In my twenty years of working in education technology around the world, I have become convinced of the compelling case for an “open operating system for education”. If digital tools of all sorts were able seamlessly to exchange data without human intervention, but according to clearly defined rules governing privacy and permissions, the potential would be hugely exciting. Public, not-for-profit and commercial players in the system could compete and collaborate on the basis of how well they improve teaching and learning, not their access to proprietary data. There would be room for many more experiments and innovations from large and small organisations, as an open source algorithm written in a back room could be compared to $100m interventions from mega-corporations. We would have a much better chance of knowing what worked, why, and in what context. Governments, administrators, teachers, learners and their parents could better control and analyse the data they create. The ecosystem could be fairer, more transparent and vibrant.

We’re certainly not at that point today. Such a system would rely on a set of comprehensive, widely adopted, open standards for how digital educational tools should interoperate. Vitally, these standards would have to be agnostic to commercial model or local cultural norms (for example, around privacy). They would necessarily support as many choices as can be thought of. Not because all choices are good choices in my or your opinion, but because decisions in the value-laden world of education are usually context-specific, culturally debatable, and often develop over time. Texas would make different choices to Turin or Tianjin, and these all need to be upheld.

There are a lot of standards out in the world, but they aren’t complete and they often focus on very specific American contexts. This isn’t the place to examine the alphabet soup of LTI, LRMI, SCORM, QTI, Caliper, OneRoster, ed-Fi and more, but suffice to say not all of the people developing all the standards talk to each other or have the resources to consider the world outside the USA. Additionally, the standards aren’t universally supported by tools and are sometimes resisted by vested interests. Indeed companies such as Clever are working to help sort out the spaghetti of proprietary systems by offering a (proprietary) interoperability layer. Plenty of data is being created by some fascinating organisations– from AltSchool to JISC to Zaya Learning – but their full potential is untapped.

For me, one issue now dominates whether or not we will make progress towards this open operating system. It is the role of the huge technology companies which are increasingly reaching into every part of our lives – Amazon, Apple, Google/Alphabet, Facebook, Microsoft, Alibaba, Tencent and Baidu.

The tech titans are on a mission in education. Google Classroom. Recently, Microsoft Classroom too. And Apple’s additions to iOS 9.3 so that it works better in schools. And Amazon’s recent release of Inspire. And Alibaba’s investment in TutorGroup. And a raft of other developments over the last few years as education technology has once again become a focus for investors, corporations and policymakers across the world.

Regrettably, these huge companies don’t seem to have considered some of the long-term consequences of their moves (or possibly don’t care about them). There is a clear and present risk that their actions will stifle innovation, create unintended controversy, and (most importantly) reduce the impact that we can all make as stakeholders in the world of learning.
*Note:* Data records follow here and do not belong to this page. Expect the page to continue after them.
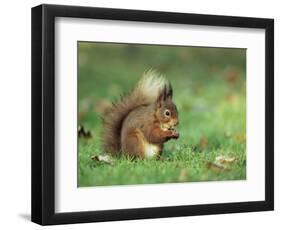 Red Squirrel (Sciurus Vulgaris), Lowther, Near Penrith, Cumbria, England, United Kingdom, Europe-Ann & Steve Toon-Framed Photographic Print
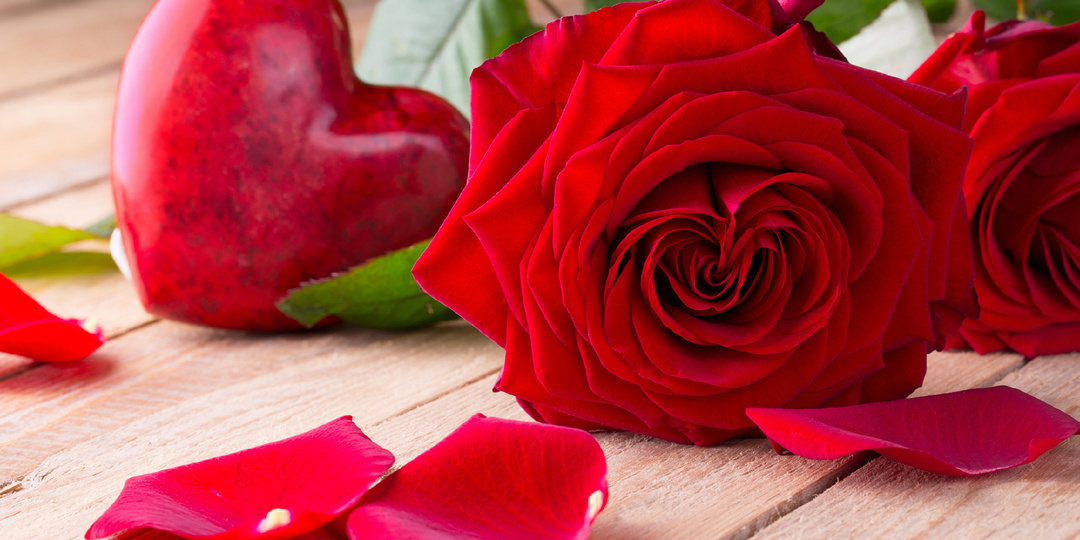 Розы любви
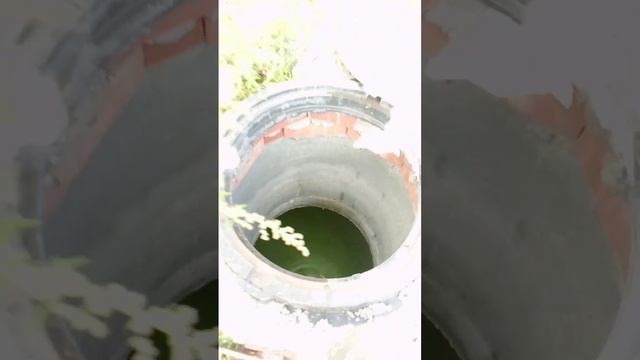 Слышу голос из "прекрасного" далека, или музыка из канализации...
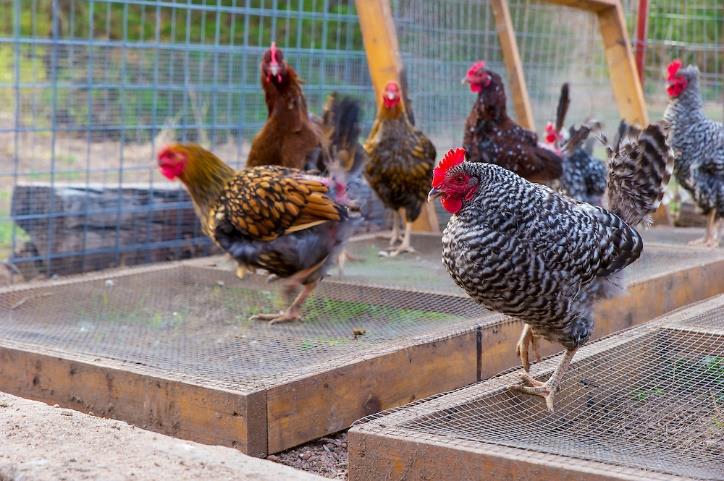 Grey and brown chickens in a chicken coop.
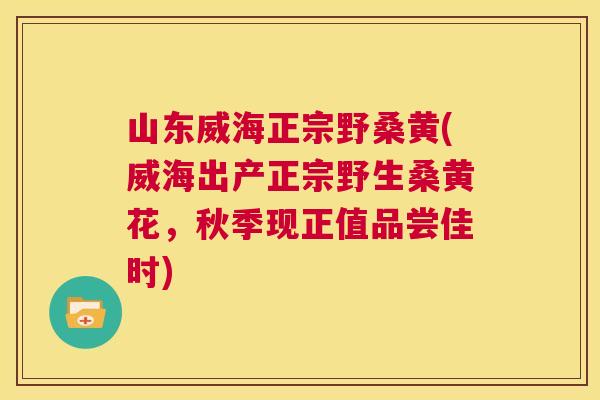 山东威海正宗野桑黄(威海出产正宗野生桑黄花,秋季现正值品尝佳时) 山东威海正宗野桑黄(威海出产正宗野生桑黄花,秋季现正值品尝佳时)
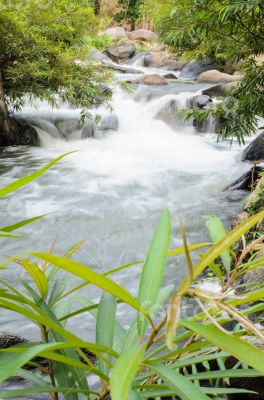 Waterfall on the mountain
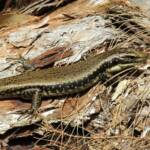 Yellow-bellied Water Skink (Eulamprus heatwolei), Wallaga Lake NSW © Deb Taylor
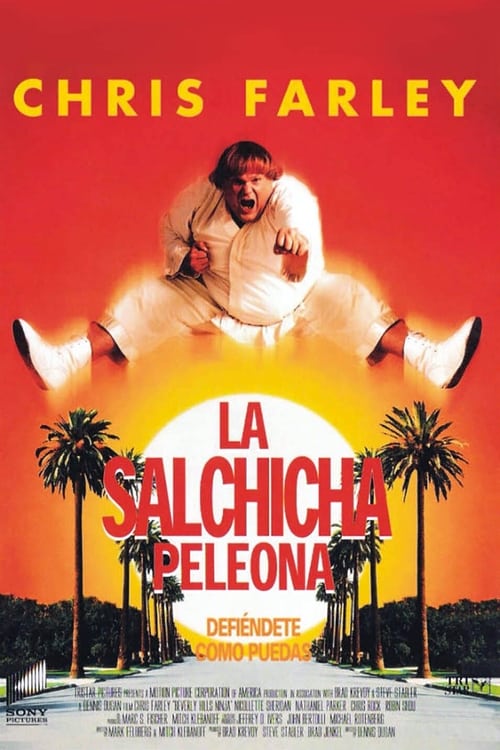 Beverly Hills Ninja poster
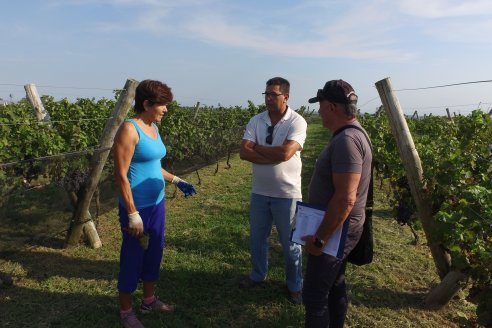 Viñedo Los Aromitos - Colonia Ensayo - Vendimia de uvas Chardonnais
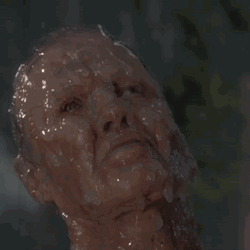 Anaconda Snake Saliva GIF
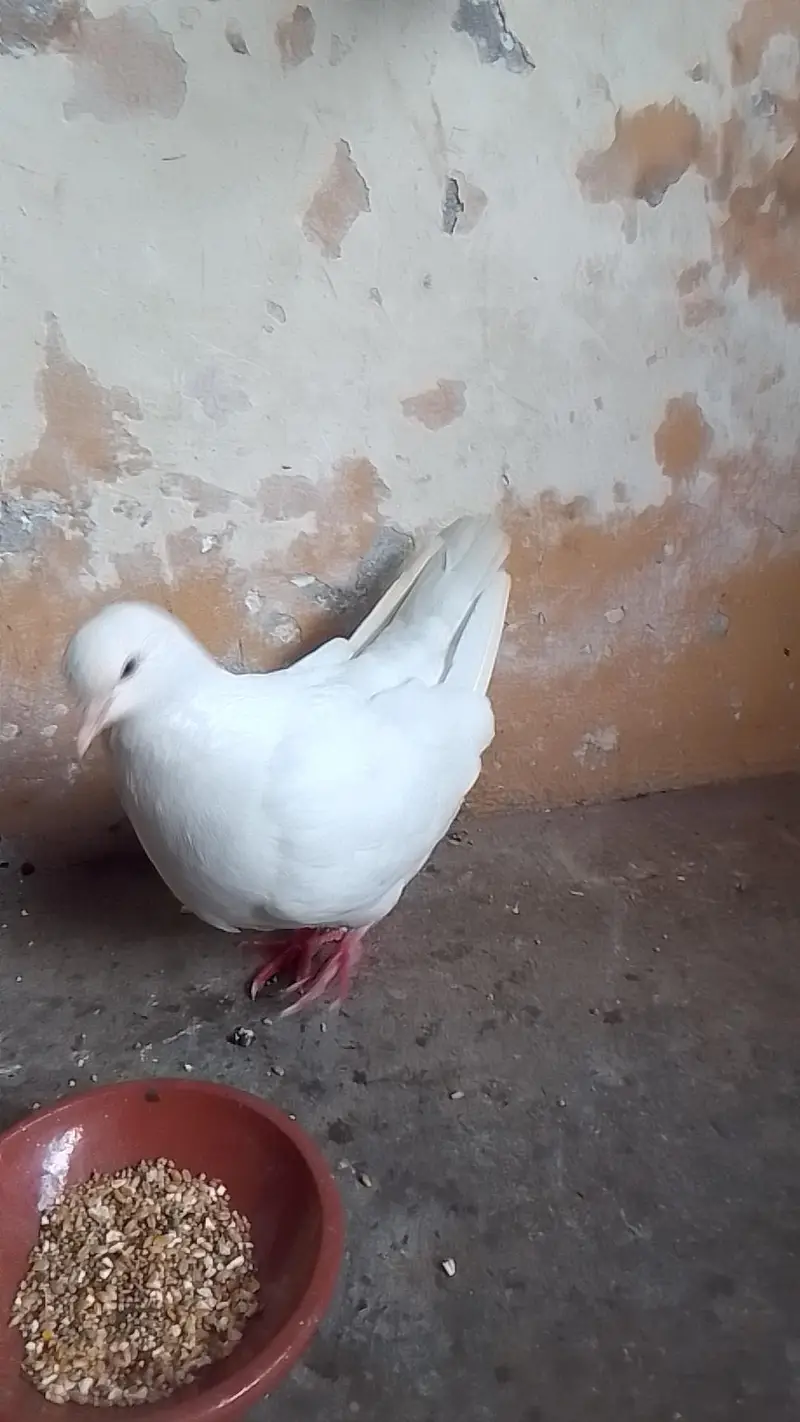 black tile pair king female santiant chick. s mukhi+laka 0312/496/21/95 — photo 6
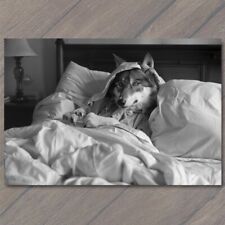 POSTCARD Wolf Dressed As Grandmother Fairytale Red Riding Hood Bed Funny Weird picture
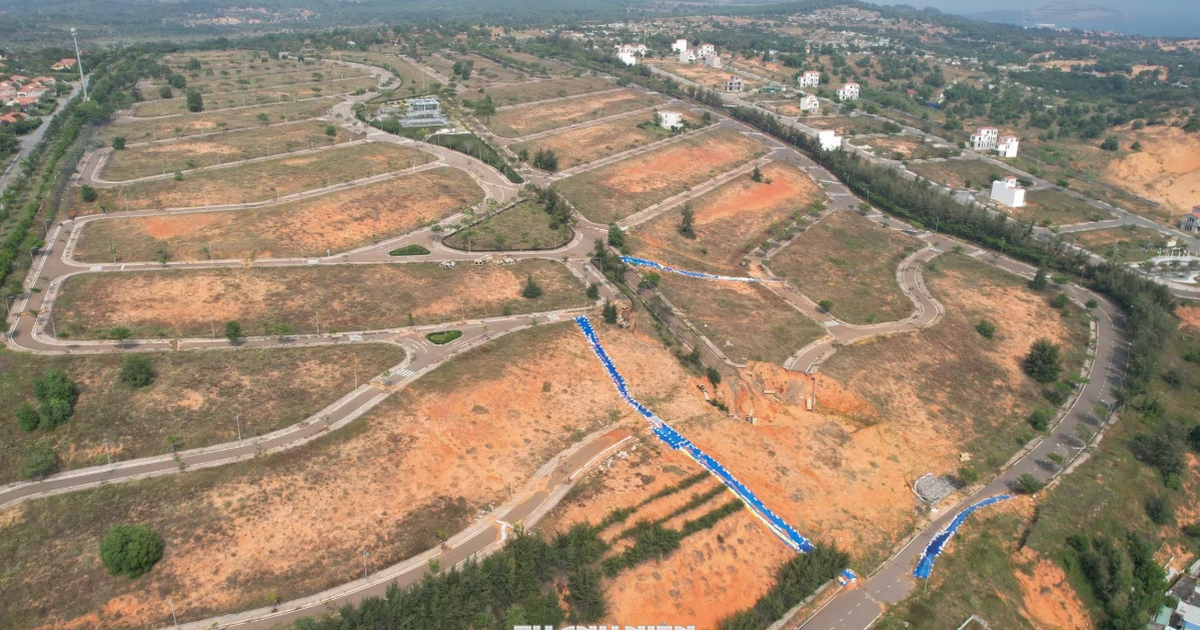 Thanh tra tỉnh Lâm Đồng đề nghị làm rõ trách nhiệm 332 kiến nghị tồn đọng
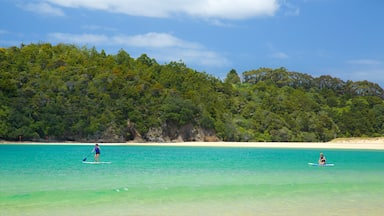 Tutukaka showing watersports, a beach and a bay or harbor
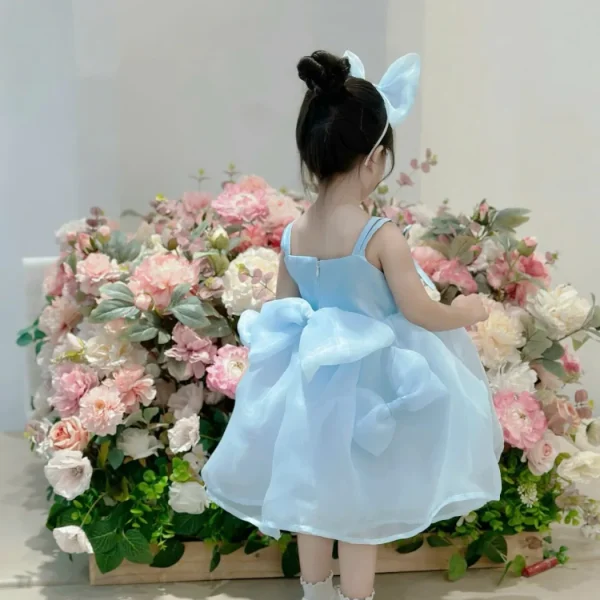 Blue Organza Bow Princess Dress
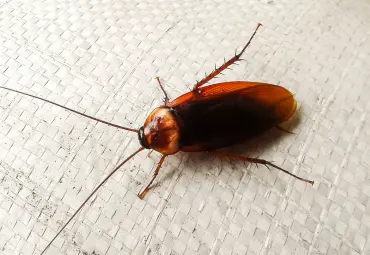 A Sai Pest Control provides Cockroach Control in Wagle Estate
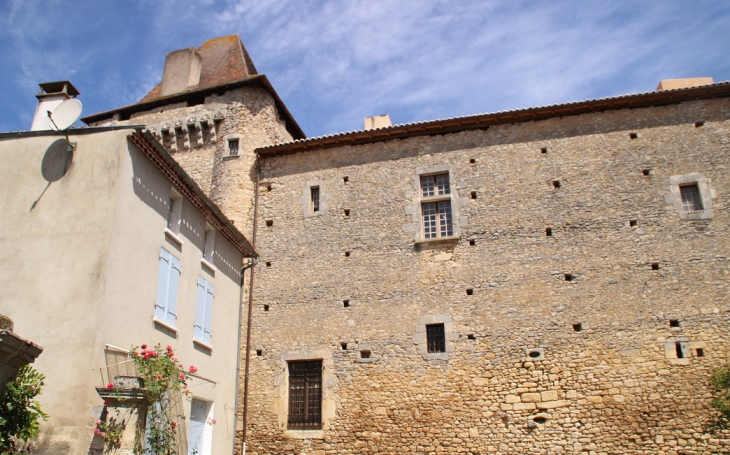 Château  - Varaignes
Some background. Taking just the US players, Alphabet/Google, Amazon, Apple, and Microsoft are each pursuing a “Trojan Horse” approach in the small-for-them global education market: they’re loss-leading in line with their wider strategies.

  • Google continues to improve the functionality of its free Classroom tool for schools, universities, teachers and students. Classroom is part of the Apps for Education suite and extends it so that users can not only send and receive email and work on documents together, but assign work to classes, collect students’ grades, and discuss homework. (In edtech jargon, it’s a free LMS). Chromebooks – which run a Google operating system – are now the bestselling devices to US schools, likely as they are cheap and easy to manage. They require a Google account. All of this pulls in data and users: Google’s raison d’être.
  • For many years, Microsoft has made Office free for schools and universities. They hope that this will ensure that people use their productivity tools out of habit and familiarity for the rest of their lives. Newly-launched Microsoft Classroom – very similar to Google’s offering, if a few years behind the curve – is part of free Office 365 for Education.
  • Apple is fundamentally a hardware-driven business. It likes to sell iThings and Macs and for people to become used to them (and so keep buying more hardware, apps and content). So, selling beautiful devices into education is good for Apple on all fronts – and if this requires some tweaks to iOS, so be it. Apple are even prepared quietly to purchase an edtech startup to further their strategy in education.
  • Amazon wants to be the distributor of as much as possible. Digital content especially – films, TV programmes, ebooks, audiobooks. Education resources have thus far been out of their reach as publishers and others have their own direct-to-schools sales staff. So they have bought a company which creates mathematics content, created a site for teachers to discover and share resources, and offered “one stop shop” solutions to cities and (allegedly) entire nations.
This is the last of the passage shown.